By Jim Christy
Never before have as many outrageous and out-sized characters appeared in one place at the same time. Words like rogues, rascals, rapscallions, reprobates and rodomontades don’t completely describe these individuals; they are more than each or any combination thereof. They are scalawags. People who claim to push the envelope are stamped, sealed and delivered compared with this bunch. They may be conmen or conwomen, adventurers, fabulists and/or delusional but they all share the extreme passion for life—always more Life! Some are of the modern era, some go way back, but their lust and spirit link them throughout the ages. This book, like its predecessor, Scalawags: Rogues, Roustabouts, Wags & Scamps, is devoted to the celebration of that passion that refuses to be stifled by convention.
Read about the adventurous lives and wild exploits of Caroline Otero, Andre Malraux, Lord Timothy Dexter, Suzanne Valadon, William Hunt, Mata Hari, Emma Hamilton, Bata Kindai Amgoza, and many more in this second volume of Scalawags!
Praise for Scalawags: Rogues, Roustabouts, Wags & Scamps:
“Christy’s work reminds us that losers are cool, that the middle-of-the-road might be smoother but the ditches are more interesting, and that every rounder has a good story to to tell.”
—The Globe and Mail
“If the proverb is correct and a life lived in fear is a life half lived, then these unapologetic oddballs knew nothing of doubt and fear.”
“These are larger-than-life characters in stranger-than-fiction stories. … There’s nothing like outrageous lives and flamboyant characters to take you out of the dreary day-to-day.”
— Robert Wiersema, The Vancouver Sun
Always in search of original characters and experiences, Jim Christy is a literary vagabond with few peers.

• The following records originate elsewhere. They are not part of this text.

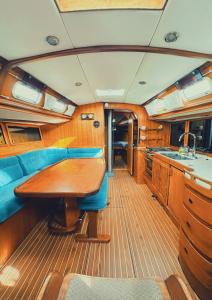 una mesa de madera en el centro de un barco en Nuits exceptionnelles à quai à bord d'un Voilier au pied de l'Esterel en Saint-Raphaël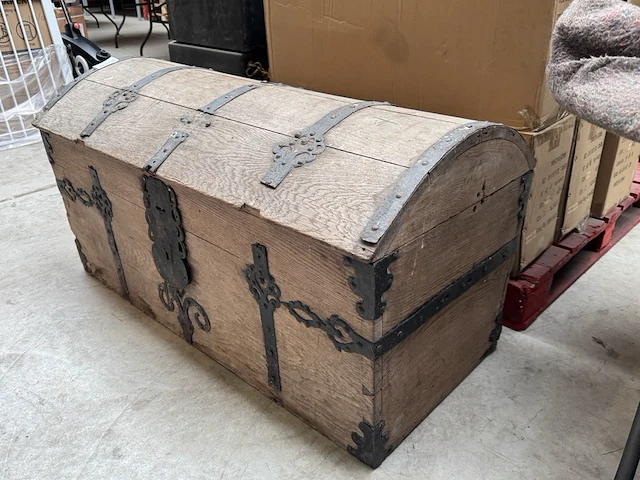 Antieke dekenkist 120x60x65 - afbeelding 4 van  4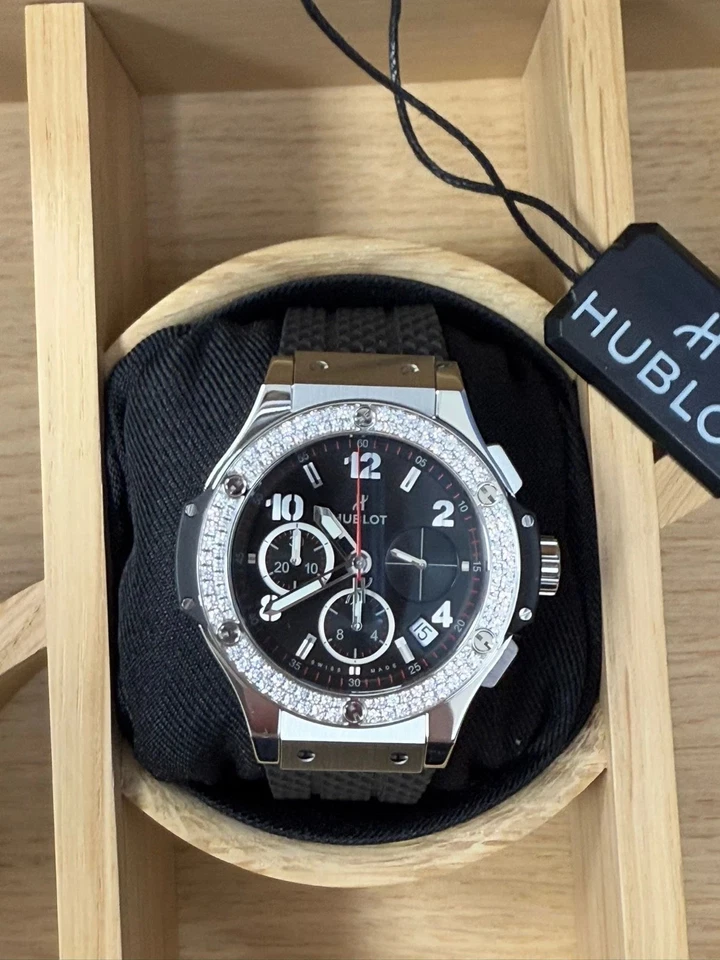 Hublot Big Bang Men's Black Watch - 341.SX.130.RX.114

He was once described by George Woodcock as ‘one of the last unpurged North American anarchistic romantics’. His publisher has called him a hip Indiana Jones; one reviewer credited him with a ‘Gary Cooper-like presence’. His buddies have included hobos, jazz musicians, boxers, and non-academic writers such as Charles Bukowski, Peter Trower and Joe Ferone. “I never dismiss another’s story out of hand,” he writes, “no matter what it’s about or how outrageous it may seem.” Christy’s often wry reminiscences of his travels, trysts and trials are fueled by a hard-won pride. A gardener, a sculptor and a spoken word performer with a jazz/blues ensemble, Christy has been seen in film and television productions, usually in non-speaking roles as a thug or a gangster.

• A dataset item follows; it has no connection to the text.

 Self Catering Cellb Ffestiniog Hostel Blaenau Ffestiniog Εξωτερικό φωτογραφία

Born in Richmond, Virginia on July 14, 1945, Jim Christy grew up in South Philadelphia, a tough area featured in his autobiographical novel Streethearts, and also featured in Sylvester Stallone’s Rocky movies. “Boxing was in the air,” he once recalled. “You knew people who had boxed; if Dickens had been around he would have written about boxing.” Christy later wrote about boxing as a business and a sub-culture, in Flesh & Blood. Christy began running away from home around age twelve, once getting as far as the outskirts of Buffalo. He befriended one of his closest friends and mentors, Floyd Wallace, a hobo, a former boxer and a former soldier of fortune, and learned to ride the freights at a young age. Christy came to Canada in October of 1968, to evade the Viet Nam war draft, and was active in co-founding two shortlived underground press publications in Toronto. His first book concerned draft resisters in Canada. Christy became a Canadian citizen as soon as possible. While researching Rough Road to the North, he became fascinated by the life of Charles Eugene Bedaux, and subsequently wrote a biography called The Price of Power. Other outsiders who have struck Christy as heroes include a veteran carnival performer named Marcel Horne, jazz musician Charlie Leeds, leftist Emma Goldman and explorer Sir Richard Francis Burton.

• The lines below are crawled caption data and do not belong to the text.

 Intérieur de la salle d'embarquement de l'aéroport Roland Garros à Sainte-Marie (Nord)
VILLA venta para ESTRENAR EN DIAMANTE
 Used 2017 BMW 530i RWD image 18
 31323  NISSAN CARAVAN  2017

Jim Christy first came to Vancouver in December of 1981 to promote his novel Streethearts, and remained on the West Coast for many years, adopting Gibsons on the Sunshine Coast as his home base. An artist, gardener, prolific freelance journalist and an ex-regular on American Bandstand, Christy has evolved his own King of the Road outsiderism into a cool-headed series of ‘noir’ fiction featuring a tough-talking private detective in Vancouver named Gene Castle. The series opens in 1937 with Shanghai Alley and moves forward to 1939 in the second Gene Castle gumshoe mystery, Princess and Gore, a title drawn from two street names in Vancouver’s Downtown Eastside. The third Castle mystery is Terminal Avenue, another title drawn from a street name. It features the bullet-eating detective searching for the kidnapped daughter of a Nazi resistance leader. Jim currently lives in Ontario.